Keeping up with the latest Search Engine Optimization news, algorithm tweaks, and penalties has become quite the roller coaster ride over the past 18 months.
Beginning back in February of 2011, Google has been hammering low quality content and websites with a string of Panda updates.
Then, on April 24, 2012, they pushed out the first iteration of the Penguin update, which changed the way they value different types of backlinks and penalizes link spam. This was the first of what I expect to be another string of updates in the coming months.
Many SEOs are in remediation mode now. All of the gray hat and black hat techniques they’ve employed for years have backfired. After the first Panda, they had to clean up the content and setup of their websites. Now, after Penguin, they have to unravel the ball of yarn they’ve built with link farms, blog comment spam, forum spam, paid backlinks, reciprocal link exchanges, and a laundry list of other manipulation techniques.
What does all of this mean for SEO?
SEO has changed. Quality of content is crucial, and on-page optimization is more of a table stake than the main ranking factor. You have to pick and choose where you want backlinks to appear, and where you do NOT want them. And if you have not gotten on board yet, you cannot ignore social media any more. Welcome to the age of Social SEO.
Social SEO: The New Ranking Factors
In the age of Social SEO, it is time to stop obsessing over keyword density and constant noodling with the on-page to rank better. Yes that is important, but managing your links and social media should take precedence.
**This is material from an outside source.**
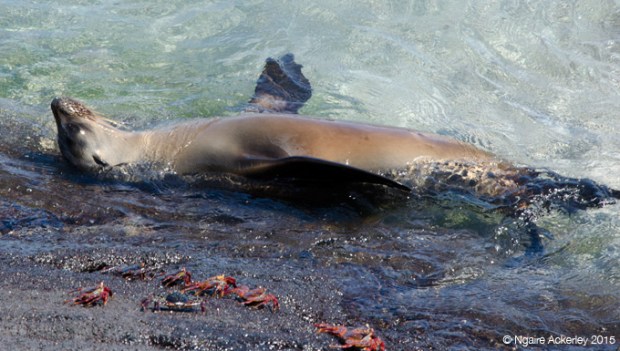 Sea lion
Let’s review eight areas where you need to balance your time to improve your SERP placement.
Traditional Backlinks
Traditional backlinks remain the most important overall indicator of the authority of your website, assigned to both the domain and the page receiving the backlinks. What has changed is the way search engines value those backlinks.
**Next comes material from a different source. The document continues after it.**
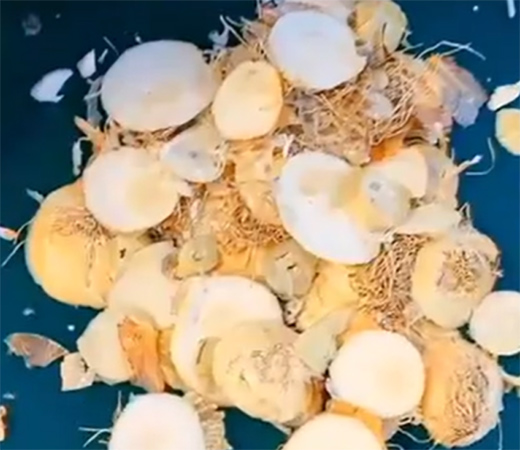 Dehydrated-onion-supplier-from-China314bt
A few years ago, a link was a link. It served as a “vote” for the content on your website. The more you had, the better the page and site would rank.
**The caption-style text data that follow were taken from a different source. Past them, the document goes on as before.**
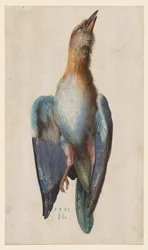 Rollier mort, 1583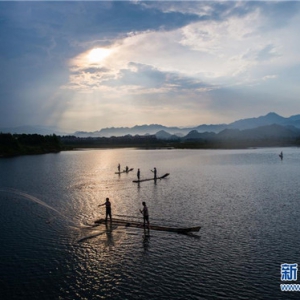 千岛湖开渔展现“水清鱼欢”美丽生态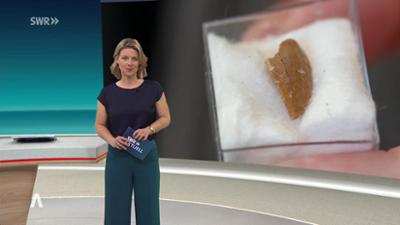 SWR Aktuell: Sendung 21:45 Uhr vom 23.4.2026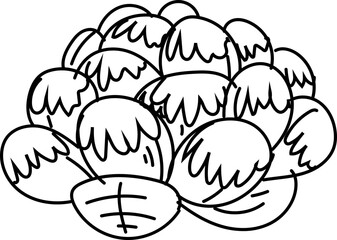 Hand drawn succulent plant illustration on transparent background.
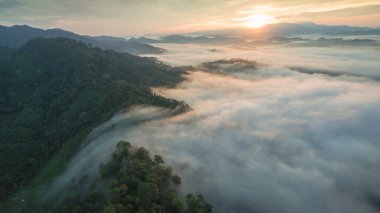 Tropikal yağmur ormanlarında dağın tepesindeki hava sisi ve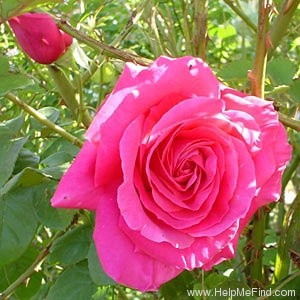 'Miss All-American Beauty' rose photo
Now, quality has become much more important. A link from a low authority site can have no impact at all, or could even hurt your rankings if they are labeled as a spammer or host malware on their website. Or even worse, if Google figures out you are buying backlinks, they could simply deindex your site altogether.
This is clearly no laughing matter. And you have to get it right, because this is THE most important piece of the ranking algorithm today.
Social Backlinks and Shares
Google has also started placing more weight on link profile. They want to see a mix of follow and no follow. More importantly, they want to see your content being shared, liked, tweeted, and +1’d. Social bookmarking can help get your content indexed faster.
This piece plays into a couple of factors – it is part of the overall backlink measurement, and it is also a proxy for quality. If your content is good, it is worth being read, shared, linked to, and discussed on leading social media platforms.
Engagement
How much effort do you put into your social media presence? If you simply post links to your own press releases or blog posts, you are doing it wrong. Yes, you need to get the content out there, but it’s what happens after it is out there that has become important to the search engines.
Engagement can come in many forms. Sharing, commenting, and talking about it is the obvious piece. Other social interactions that impact SEO include ratings (thumbs up / down or votes), reviews (particularly if marked up with rich snippets), and other user generated affirmations.
Engagement with Influencers
While engagement as a whole is important, engagement with thought leaders and influencers carries more weight than engagement with others. Google has spent a lot of time trying to figure out how to assign reputation to authors – this is the whole premise behind authorship markup.
Now, they are using social signals to indicate reputation and authority as well. If your commentary on Facebook, Twitter, Pinterest, LinkedIn, Quora, or elsewhere elicits a great deal of response, they will notice.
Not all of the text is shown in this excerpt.